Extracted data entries
>>>
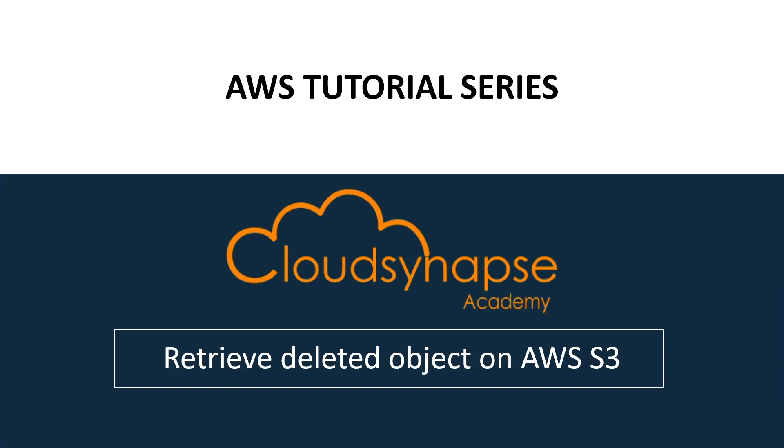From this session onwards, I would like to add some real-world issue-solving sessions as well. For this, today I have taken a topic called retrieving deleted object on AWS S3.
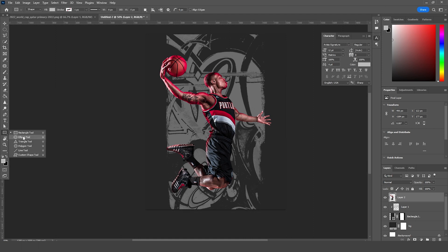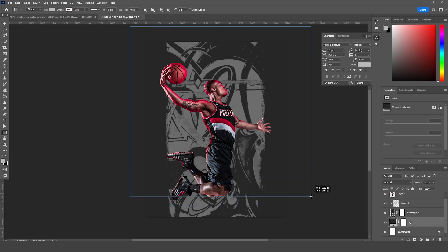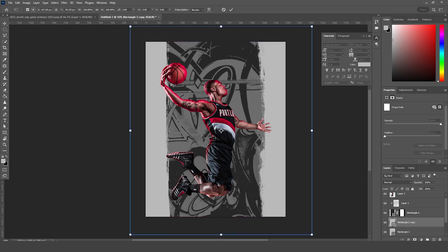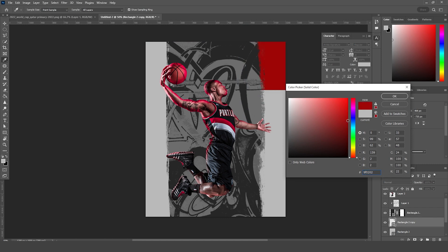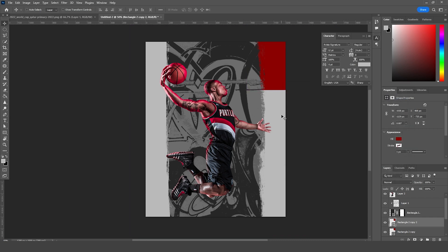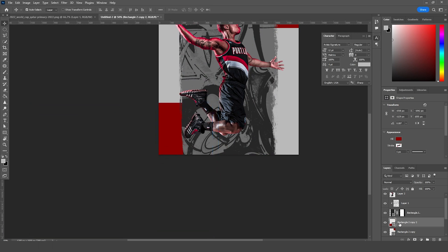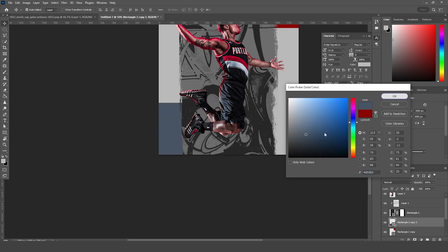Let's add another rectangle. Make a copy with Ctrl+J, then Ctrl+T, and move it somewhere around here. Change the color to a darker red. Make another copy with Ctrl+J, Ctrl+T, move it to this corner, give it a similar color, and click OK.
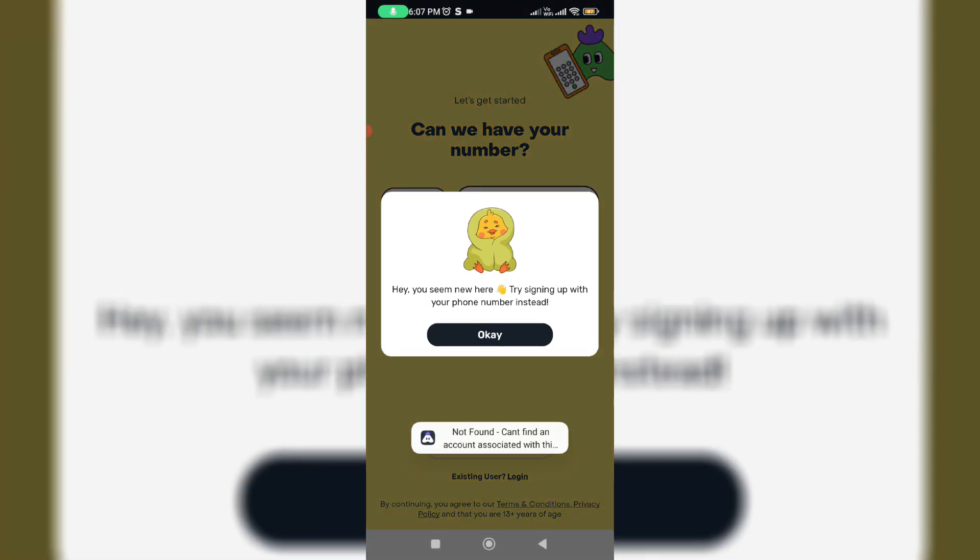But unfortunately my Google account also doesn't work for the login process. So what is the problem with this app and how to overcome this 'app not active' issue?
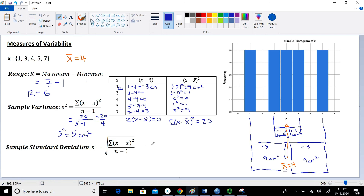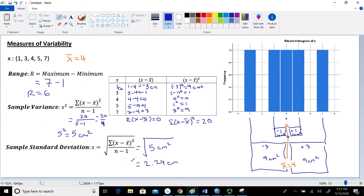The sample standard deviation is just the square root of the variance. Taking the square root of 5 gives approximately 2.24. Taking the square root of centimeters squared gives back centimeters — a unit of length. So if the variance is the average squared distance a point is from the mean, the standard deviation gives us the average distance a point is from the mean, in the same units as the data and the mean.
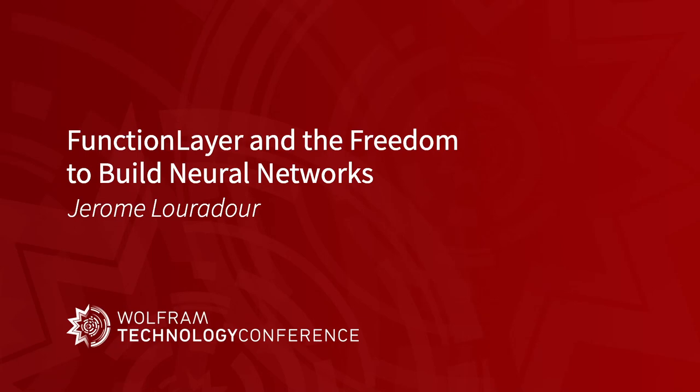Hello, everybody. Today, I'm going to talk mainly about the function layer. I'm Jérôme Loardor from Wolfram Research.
<<<
Transcribe exactly each line of the records from the start up to and including the one with "But unfortunately my", and leave out every picture.

→ Written response
From this session onwards, I would like to add some real-world issue-solving sessions as well. For this, today I have taken a topic called retrieving deleted object on AWS S3.
Let's add another rectangle. Make a copy with Ctrl+J, then Ctrl+T, and move it somewhere around here. Change the color to a darker red. Make another copy with Ctrl+J, Ctrl+T, move it to this corner, give it a similar color, and click OK.
But unfortunately my Google account also doesn't work for the login process. So what is the problem with this app and how to overcome this 'app not active' issue?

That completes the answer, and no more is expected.